Now will add a few more kinds of features. We'll focus these in on the generation data (really no reason to add them to the datetime features). Let's start with a lag feature. Since our cosine features were picking up some potentially useful information up to a 4 day period, we'll make a lag feature going back 4 days. This will introduce some nulls for these features at the beginning of the dataset as we shift the lag features forward, but our model should be able to handle them (see xgboost FAQ: https://xgboost.readthedocs.io/en/stable/faq.html).

In [None]:
for f in all_features:
    new_features = [df_agg]
    for i in range(day, day*4, day):
        lag_feature= df_agg[f].shift(i)
        lag_feature.name = f'lag_{f}{i}'
        new_features.append(lag_feature)
    df_agg = pd.concat(new_features, axis=1)
    
#respliting with new features    
df_agg_train = df_agg.iloc[:-day*4]
df_agg_test = df_agg.iloc[-day*4:-day]
    
#retraining with new features
param_grid = {'eta': [0.05], 'n_estimators': [100]}
fig, gs_agg, results, feat, model_preds = model_train_plot(df_agg_train, df_agg_test, target_train, target_test, name='Aggregated_gen w/ lag features', param_grid=param_grid)
feat


This does seem to help some overall.

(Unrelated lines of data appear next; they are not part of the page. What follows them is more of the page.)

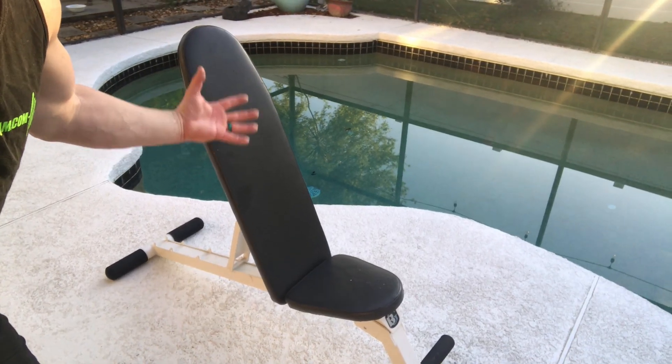The two things you need for this workout are, of course, the dumbbells. And it's also helpful if you have an adjustable bench like this one.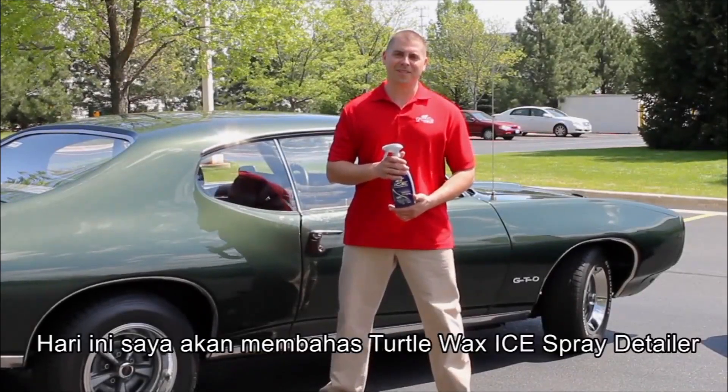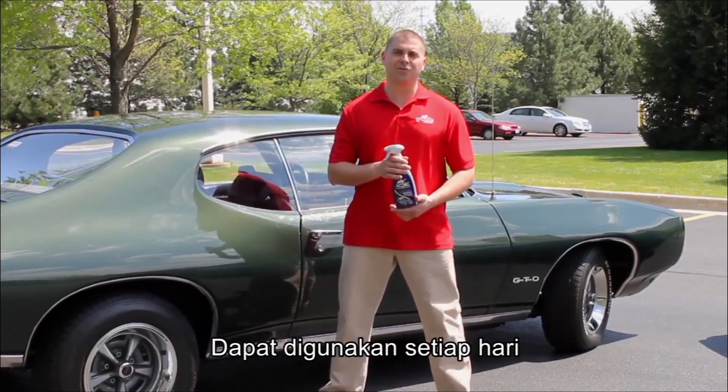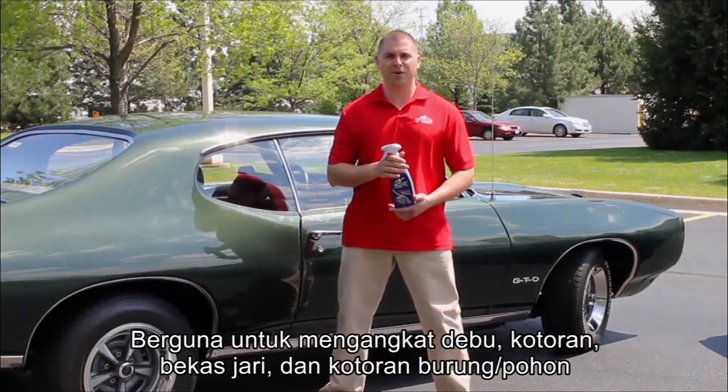Welcome to the Turtle Wax Laboratories. I'm here today to talk to you about Turtle Wax Ice Spray Detailer, which is a perfect product to use in between regular washings. It helps to remove light dust and soils, fingerprints, and unsightly bird droppings.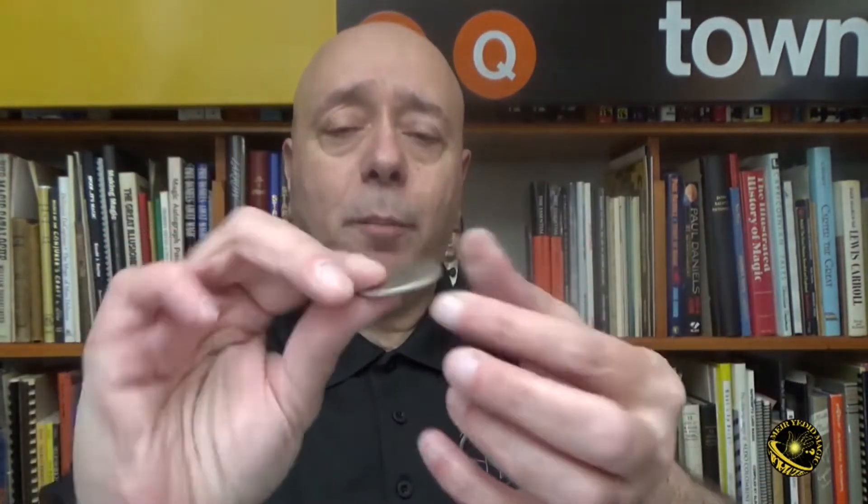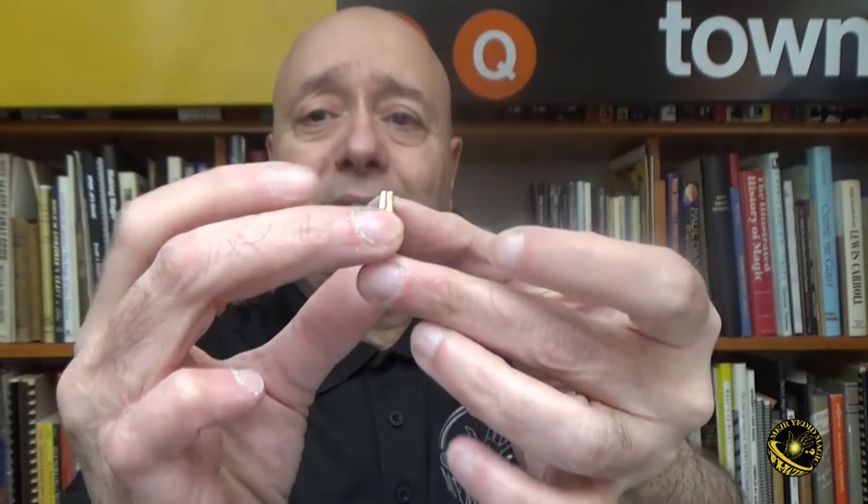It was not easy to get these types of coins, so we had these custom made. They have a dullish satin finish, milled edges, and they're the exact same diameter and thickness as a real US half dollar.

Now we'll add some rolling features. This should give our model a smoother picture of the previous generation data to work with. Similiar to when we resampled the target above to hourly and it removed much of the noise.

In [None]:
for f in all_features:
    new_features = [df_agg]
    lag_feature= df_agg[f].rolling(2).mean()
    lag_feature.name = f'rolling_{f}'
    new_features.append(lag_feature)
    df_agg = pd.concat(new_features, axis=1)

for f in all_features:
    new_features = [df_agg]
    lag_feature= df_agg[f].shift(day).rolling(5, center=True).mean()
    lag_feature.name = f'rolling_{f}_day'
    new_features.append(lag_feature)
    df_agg = pd.concat(new_features, axis=1)

for f in all_features:
    new_features = [df_agg]
    lag_feature= df_agg[f].shift(2*day).rolling(5, center=True).mean()
    lag_feature.name = f'rolling_{f}_day_2'
    new_features.append(lag_feature)
    df_agg = pd.concat(new_features, axis=1)
    
for f in all_features:
    new_features = [df_agg]
    lag_feature= df_agg[f].shift(3*day).rolling(5, center=True).mean()
    lag_feature.name = f'rolling_{f}_day_3'
    new_features.append(lag_feature)
    df_agg = pd.concat(new_features, axis=1)
    
#respliting with new features    
df_agg_train = df_agg.iloc[:-day*4]
df_agg_test = df_agg.iloc[-day*4:-day]

#retraining with new features
param_grid = {'eta': [0.05], 'n_estimators': [100]}
fig, gs_agg, results, feat, model_preds= model_train_plot(df_agg_train, df_agg_test, target_train, target_test, 'Aggregated_gen w more features', param_grid=param_grid)
feat


Perhaps some performance gains, but it is hard to tell for sure. We might have too many features now and/or need to retune the parameters to account for the additional features the model has to process. Let's start with retuning the parameters

## Tuning parameters

Let's do a couple rounds of gridsearch including some additional parameters to see if we can improve the performance

In [None]:
#1st params tried param_grid = {'booster' : ['dart', 'gbtree'], 'n_estimators': [50, 100, 150], 'eta': [0.01, 0.5, 0.1] }
#best params {'booster' : ['gbtree'], 'n_estimators': [50], 'eta': [0.1] }
# Additional parameters
# 2nd param_grid tried = {'booster' : ['gbtree'], 'max_depth': [3, 5, 10], 'colsample_bytree': [0.5, 0.75, 1], 'subsample': [0.6, 0.8, 1], 'n_estimators' : [50], 'eta' : [0.1]}
#best params {'booster' : ['gbtree'], 'max_depth':  [3], 'colsample_bytree': [1], 'subsample': [0.8]}
#3rd param_grid tried param_grid = {'booster' : ['gbtree'], 'max_depth': [1, 2, 3], 'colsample_bytree': [1], 'subsample': [0.8], 'n_estimators': [50], 'eta': [0.1]}
param_grid = {'booster' : ['gbtree'], 'max_depth': [1], 'colsample_bytree': [1], 'subsample': [0.8], 'n_estimators': [50], 'eta': [0.1]}
fig, gs_agg, results, feat, model_preds = model_train_plot(df_agg_train, df_agg_test, target_train, target_test, 'Aggregated_gen tune', param_grid=param_grid)
feat

There is a pretty big gain in performance with the max depth set to 1. The model becomes a fair bit simpler and it is less likely to find every peak or valley, but on the average does a decent job. Depending on the exact application this could be underfitting, but since it works well with our chosen metric we'll stick with it.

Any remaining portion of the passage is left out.